The disordered local moment (DLM) picture is a method, in theoretical solid state physics, for describing the electronic structure of a magnetic material at a finite temperature, where a probability distribution of sizes and orientations of atomic magnetic moments must be considered. It was pioneered, among others, by Balázs Győrffy, Julie Staunton, Malcolm Stocks, and co-workers.

The underlying assumption of the DLM picture is similar to the Born-Oppenheimer approximation for the separation of solution of the ionic and electronic problems in a material. In the disordered local moment picture, it is assumed that 'local' magnetic moments which form around atoms are sufficiently long-lived that the electronic problem can be solved for an assumed, fixed distribution of magnetic moments. Many such distributions can then be averaged over, appropriately weighted by their probabilities, and a description of the paramagnetic state obtained. (A paramagnetic state is one where the magnetic order parameter, $\mathbf m$, is equal to the zero vector.)

The picture is typically based on density functional theory (DFT) calculations of the electronic structure of materials. Most frequently, DLM calculations employ either the Korringa–Kohn–Rostoker (KKR) (sometimes referred to as multiple scattering theory) or linearised muffin-tin orbital (LMTO) formulations of DFT, where the coherent potential approximation (CPA) can be used to average over multiple orientations of magnetic moment. However, the picture has also been applied in the context of supercells containing appropriate distributions of magnetic moment orientations.

Within the context of the KKR method, and in the absence of spin-orbit coupling, the CPA condition describing the paramagnetic state (where the net magnetisation is zero) can be shown to be equivalent to the CPA condition for an Ising 'alloy' of 'up' and 'down' magnetic moments. Once the effects of spin-orbit coupling are included, and magnetic moments are coupled to the crystal axes, it is formally necessary to perform a full integral over all possible magnetisation directions, in practice by sampling an angular mesh of possible magnetisation directions.

Though originally developed as a means by which to describe the electronic structure of a magnetic material above its magnetic critical temperature (Curie temperature), the disordered local moment picture has since been applied in a number of other contexts. This includes precise calculation of Curie temperatures and magnetic correlation functions for transition metals, rare-earth elements, and transition metal oxides; as well as a description of the temperature dependence of magnetocrystalline anisotropy. The approach has found particular success in describing the temperature-dependence of magnetic quantities of interest in rare earth–transition metal permanent magnets, such as SmCo_{5} and Nd_{2}Fe_{14}B, which are of interest for a range of energy generation and conversion technologies.

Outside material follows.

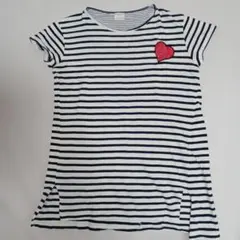 Zara Girls ボーダーTシャツ ハートスパンコール 164cmのサムネイル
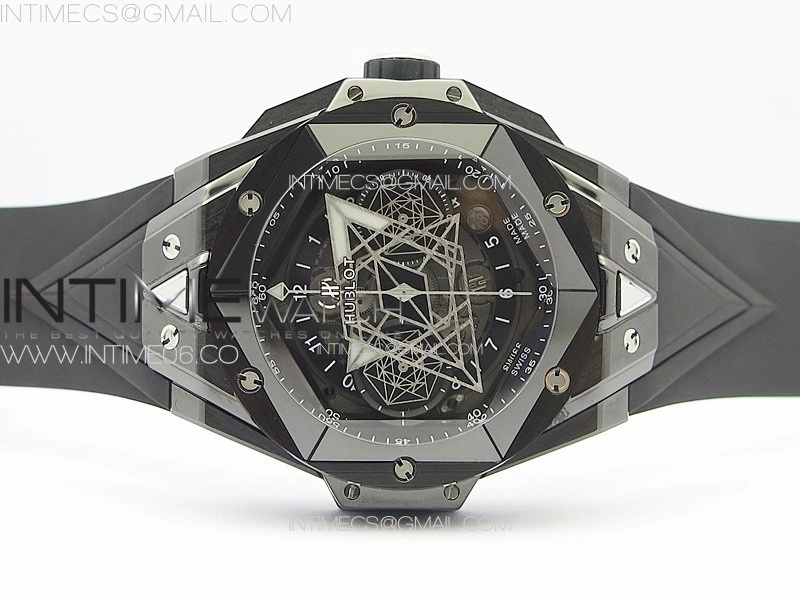 Big Bang Sang Bleu II Black Ceramic BBF Best Edition on Black Rubber Strap A1240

In computational implementations of the DLM picture within the KKR method, it is common to use the so-called 'frozen potential approximation' when considering intermediate magnetic order parameters, $0<m<1$. This means that self-consistent potentials are calculated in either the magnetic ground state ($m=1$) or the paramagnetic state ($m=0$) and the relevant DLM physics is applied in a non self-consistent manner. This procedure is considered to be most robust when the magnitude of the local magnetic moments on atoms is similar in both the magnetic ground state and the paramagnetic state, i.e. when the local moments are 'good'.